5 dias veganos - uma experiência de Manuela Mancilla
Não me lembro com clareza quem teve a ideia de realizar essa experiência. Só recordo que não relutei em me voluntariar. O porquê? Não sei. Das quatro integrantes do grupo, sou a que mais gosta de comer alimentos opostos ao do cardápio, e estilo de vida, vegano.
Confesso que adoro uma picanha bem passada, um queijo derretido no misto quente e um pedacinho de chocolate todo dia. Sou chocolover mesmo. Então, de novo: por quê? Talvez porque queria conhecer o meu limite desse admirável mundo do novo que é o veganismo.

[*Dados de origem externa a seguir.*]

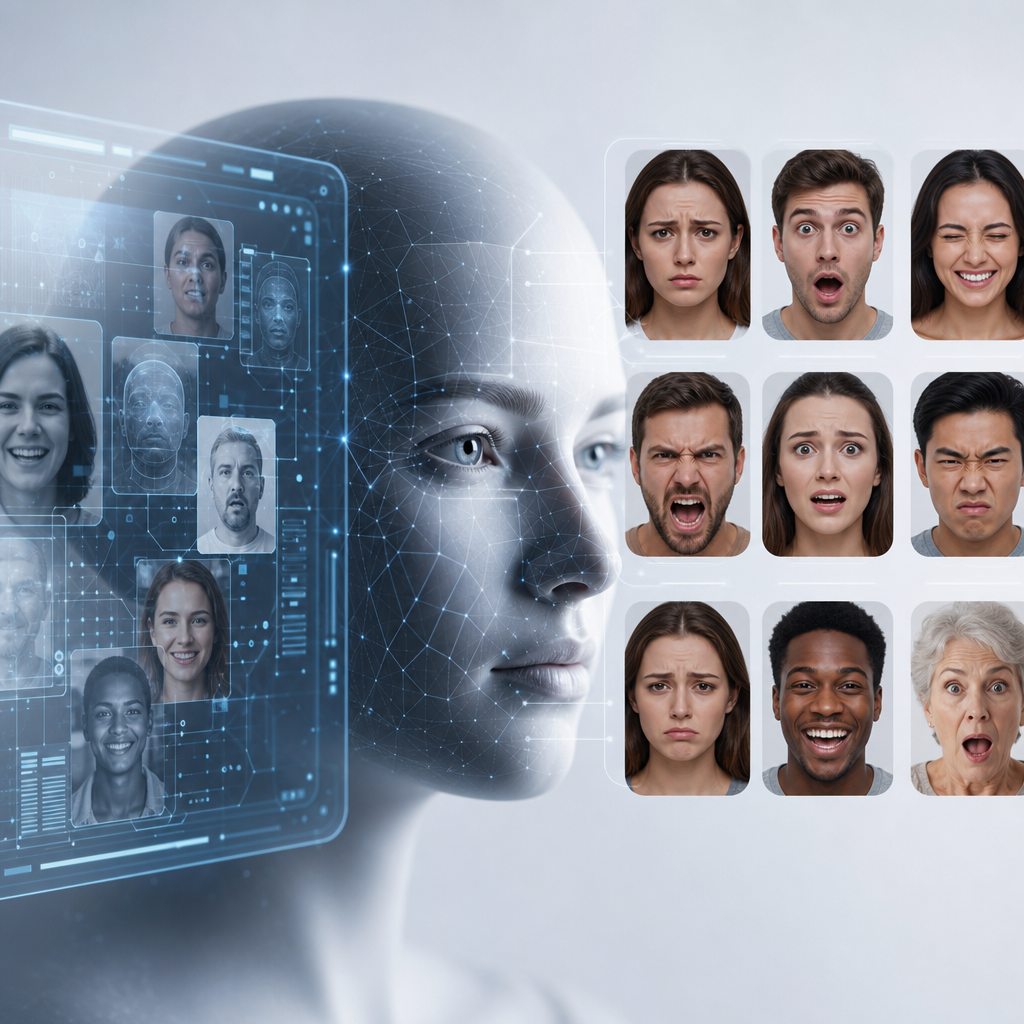 IA analiza emociones faciales en expresiones humanas múltiples y complejas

Sei que aguento um saco de Ruffles, porções de amendoim japonês e cinco pedaços de pizza em uma noite. O desafio era fazer o inverso: ingerir refeições desprovidas disso, vestir o mínimo de roupas, sapatos, até acessórios de couro e cosméticos que não testassem em animais, ou ainda tivesse-os na composição.
Procrastinei a data para iniciar esse desafio. Enrolei por duas semanas e até diminui a quantidade de dias: de sete passou para cinco. Sinceramente, estava apreensiva, achei que não conseguiria. Mas, já dou-lhe um spoiler: c-o-n-s-e-g-u-i!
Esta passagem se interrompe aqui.